1. A composition of matter consisting of the ethyl carbamate NOx scavenger dissolved in unleaded gasoline containing an aliphatic alcohol made by blending at low shear a solution of ethyl carbamate in the alcohol with unleaded gasoline resulting in a clear, low viscosity solution that is stable and remains clear without any solid phase precipitaion over a wide range of temperatures including sub-freezing temperatures such as −15° C.

2. Claim 1 in which the aliphatic alcohol is 95% denatured ethyl alcohol.

3. Claim 1 in which the aliphatic alcohol is methanol.

4. Claim 1 in which the aliphatic alcohol consists of a solution blend of 95% denatured ethyl alcohol and methanol.

5. Claim 1 in which the aliphatic alcohol consists of a solution blend of 95% denatured ethyl alcohol and octanol-1.

6. Claims 1 and 2 in which the composition is v/v 90/10 unleaded gasoline/95% denatured ethyl alcohol containing 0.1 to 4.0% ethyl carbamate by weight.

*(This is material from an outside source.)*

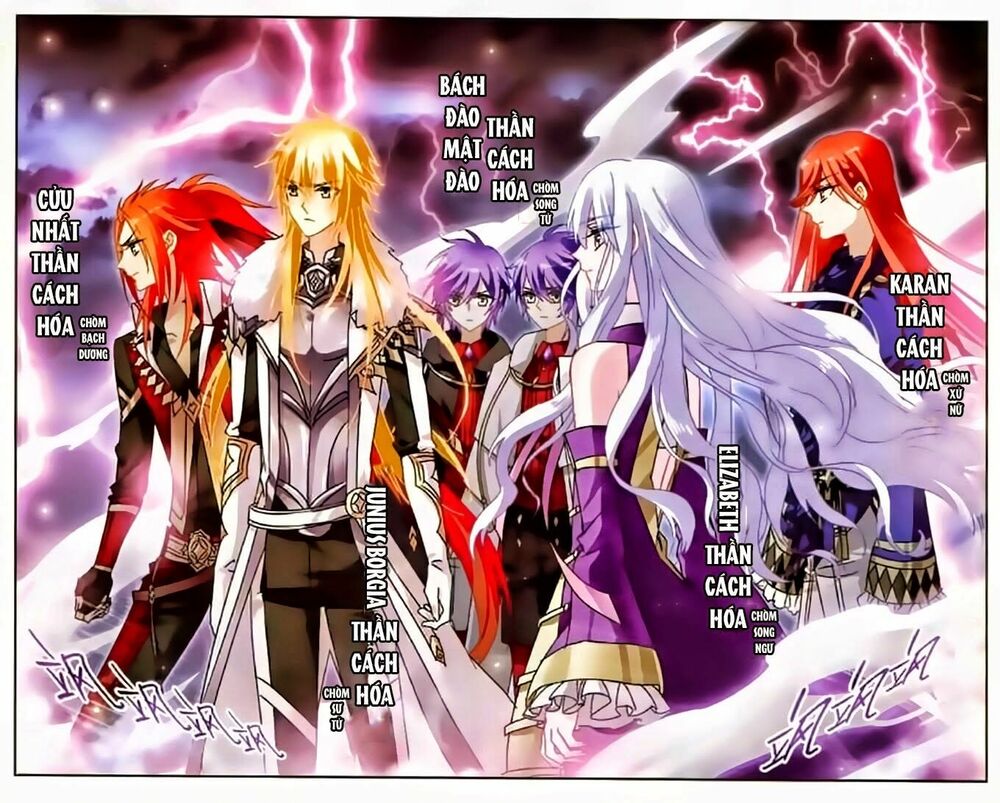 Ngôi Sao Câu Lạc Bộ: Chapter 115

7. Claims 1 and 2 in which the composition is v/v 85/15 unleaded gasoline/95% denatured ethyl alcohol containing 0.1 to 5.0% ethyl carbamate by weight.

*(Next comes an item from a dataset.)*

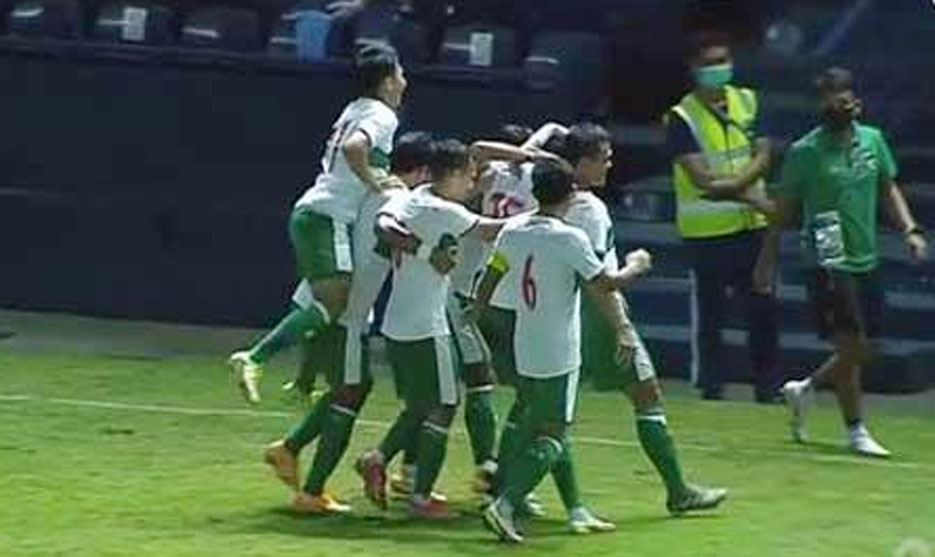 Hasil Pertandingan Timnas Indonesia vs Taiwan: Garuda Menang 3-0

8. Claims 1 and 3 in which the composition is v/v 90/10 unleaded gasoline/methanol containing 0.1 to 5.2% ethyl carbamate by weight.

9. Claims 1 and 3 in which the composition is v/v 85/15 unleaded gasoline/methanol containing 0.1 to 6.1% ethyl carbamate by weight.

10. Claims 1 and 4 in which the composition is v/v 90/5/5 unleaded gasoline/95% denatured ethyl alcohol/methanol containing 0.1 to 4.6% ethyl carbamate by weight.

11. Claims 1 and 5 in which the composition is v/v88.2/9.8/2.0 unleaded gasoline/95% denatured ethyl alcohol/octanol-1 containing from 0.1 to 6.3% ethyl carbamate.